------ Data
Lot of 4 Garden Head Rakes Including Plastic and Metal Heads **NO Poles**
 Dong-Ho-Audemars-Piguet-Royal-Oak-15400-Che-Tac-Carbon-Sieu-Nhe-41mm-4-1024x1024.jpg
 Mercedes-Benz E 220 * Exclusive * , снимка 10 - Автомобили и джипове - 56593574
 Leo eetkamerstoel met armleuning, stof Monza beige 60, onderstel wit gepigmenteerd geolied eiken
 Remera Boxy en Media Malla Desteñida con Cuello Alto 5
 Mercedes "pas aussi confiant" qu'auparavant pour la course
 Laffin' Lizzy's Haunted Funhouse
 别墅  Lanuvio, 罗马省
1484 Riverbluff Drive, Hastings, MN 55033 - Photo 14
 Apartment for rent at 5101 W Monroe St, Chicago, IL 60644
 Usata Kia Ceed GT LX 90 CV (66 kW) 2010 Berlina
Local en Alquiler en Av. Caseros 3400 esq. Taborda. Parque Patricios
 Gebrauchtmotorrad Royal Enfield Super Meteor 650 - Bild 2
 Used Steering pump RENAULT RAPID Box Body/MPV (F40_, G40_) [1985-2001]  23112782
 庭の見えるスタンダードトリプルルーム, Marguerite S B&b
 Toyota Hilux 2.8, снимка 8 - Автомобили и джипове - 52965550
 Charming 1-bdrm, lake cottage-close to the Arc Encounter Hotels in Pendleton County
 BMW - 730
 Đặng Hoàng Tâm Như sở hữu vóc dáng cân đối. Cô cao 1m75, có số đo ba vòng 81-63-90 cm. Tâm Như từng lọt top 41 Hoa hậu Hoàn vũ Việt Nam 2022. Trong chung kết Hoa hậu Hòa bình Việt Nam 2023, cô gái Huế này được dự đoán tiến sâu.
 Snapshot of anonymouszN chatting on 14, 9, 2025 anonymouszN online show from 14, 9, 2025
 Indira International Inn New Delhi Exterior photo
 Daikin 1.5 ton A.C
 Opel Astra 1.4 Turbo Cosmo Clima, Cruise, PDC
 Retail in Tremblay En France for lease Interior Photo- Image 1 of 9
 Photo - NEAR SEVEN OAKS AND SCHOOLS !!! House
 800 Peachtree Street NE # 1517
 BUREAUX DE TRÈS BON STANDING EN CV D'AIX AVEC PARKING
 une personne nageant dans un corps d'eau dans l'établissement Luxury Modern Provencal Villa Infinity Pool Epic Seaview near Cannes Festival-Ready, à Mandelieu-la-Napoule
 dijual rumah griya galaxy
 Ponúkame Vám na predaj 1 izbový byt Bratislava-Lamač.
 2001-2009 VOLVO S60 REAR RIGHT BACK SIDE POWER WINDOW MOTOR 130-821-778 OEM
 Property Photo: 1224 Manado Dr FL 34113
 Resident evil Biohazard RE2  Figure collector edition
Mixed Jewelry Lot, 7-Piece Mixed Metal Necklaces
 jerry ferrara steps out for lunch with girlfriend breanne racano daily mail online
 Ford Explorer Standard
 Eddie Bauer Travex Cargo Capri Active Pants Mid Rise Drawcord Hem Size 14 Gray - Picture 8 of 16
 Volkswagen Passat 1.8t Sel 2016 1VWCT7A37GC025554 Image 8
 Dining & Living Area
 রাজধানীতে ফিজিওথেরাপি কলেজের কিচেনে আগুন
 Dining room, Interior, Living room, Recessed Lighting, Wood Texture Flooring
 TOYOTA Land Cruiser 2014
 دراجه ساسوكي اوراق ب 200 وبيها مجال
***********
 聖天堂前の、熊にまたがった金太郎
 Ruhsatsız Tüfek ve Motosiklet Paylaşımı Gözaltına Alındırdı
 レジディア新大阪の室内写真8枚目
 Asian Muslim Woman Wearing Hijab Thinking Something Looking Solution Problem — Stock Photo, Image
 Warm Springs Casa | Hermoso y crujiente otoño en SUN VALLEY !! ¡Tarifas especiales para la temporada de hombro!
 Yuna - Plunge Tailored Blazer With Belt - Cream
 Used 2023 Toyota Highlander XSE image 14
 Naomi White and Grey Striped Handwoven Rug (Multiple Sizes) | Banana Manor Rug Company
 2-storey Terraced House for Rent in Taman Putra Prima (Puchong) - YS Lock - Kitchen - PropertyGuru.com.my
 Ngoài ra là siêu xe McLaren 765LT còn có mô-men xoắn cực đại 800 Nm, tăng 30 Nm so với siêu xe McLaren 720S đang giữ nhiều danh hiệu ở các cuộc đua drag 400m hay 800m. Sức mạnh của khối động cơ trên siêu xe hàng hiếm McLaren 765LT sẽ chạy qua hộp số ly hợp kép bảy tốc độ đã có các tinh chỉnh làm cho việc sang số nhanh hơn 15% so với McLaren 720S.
------------
* Problem statement:
Above are the records; from them, give again exactly the lines from the one containing "Apartment for rent" to the one containing "庭の見えるスタンダードトリプルルーム, Marguerite S B&b", both lines included, and nothing more.

* Task response:
 Apartment for rent at 5101 W Monroe St, Chicago, IL 60644
 Usata Kia Ceed GT LX 90 CV (66 kW) 2010 Berlina
Local en Alquiler en Av. Caseros 3400 esq. Taborda. Parque Patricios
 Gebrauchtmotorrad Royal Enfield Super Meteor 650 - Bild 2
 Used Steering pump RENAULT RAPID Box Body/MPV (F40_, G40_) [1985-2001]  23112782
 庭の見えるスタンダードトリプルルーム, Marguerite S B&b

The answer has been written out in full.